I purchased my Christmas tree last week.  We rode a tractor into the hills of a tree farm, and using my bare hands, I tore the tree from the cold earth.

I also used a hacksaw, and my wife pushed on the tree a bit as I was cutting, but still, I was the one who extracted that thing from the soil. 

The tree was loaded onto the tractor and then we were taken back down to the farm where employees with chainsaws evened off the end of the tree and wrapped it in netting for the car ride home. 

I lifted the tree from the table and began walking to my car when a young lady stopped me and asked, "Would you like me to carry that down to your car for you?"

I did.  I wasn't wearing gloves and was sure to be covered in tree sap before I made it halfway down the hill. 

Also, my wife and daughter were already eating cider donuts, and I wanted one.  I basically wait all year for my celebratory cider donut, and my time had come.

But instead of accepting her offer, I politely declined.

"Are you sure?" she asked.  "I've got gloves on, and this is what I'm here for."

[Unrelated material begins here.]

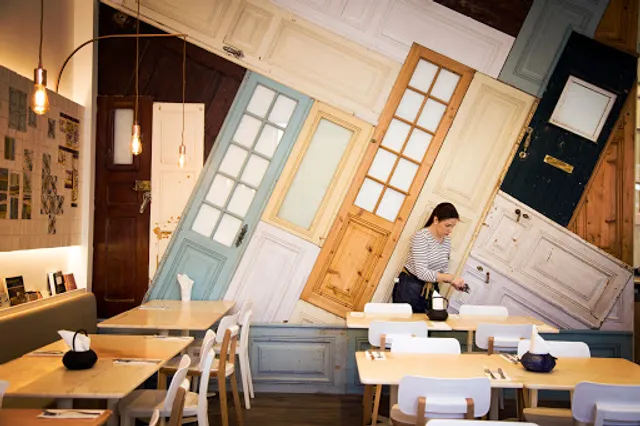 Hamburgueria Portuguesa by Farnel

"Yes, I want you to take this tree from me," I wanted to say.  "You're right!  You have gloves!  And there are cider donuts just waiting to be eaten!  But you're a seventeen year old girl!  As much of a supporter of equality and women's rights as I may be, I still can't allow a seventeen year old girl to carry my Christmas tree to my car.  I'm sorry!"

Instead, I made a joke about how I was trying to impress my wife with my manliness and continued on with my tree, but this situation bothered me. 

I am an ardent supporter of women's rights. 

I am the guy who has argued that women are so equal to men that they should be eligible for the draft, and that women do themselves a disservice when they fail to fight for every responsibility of American citizenship in addition to every every right and privilege.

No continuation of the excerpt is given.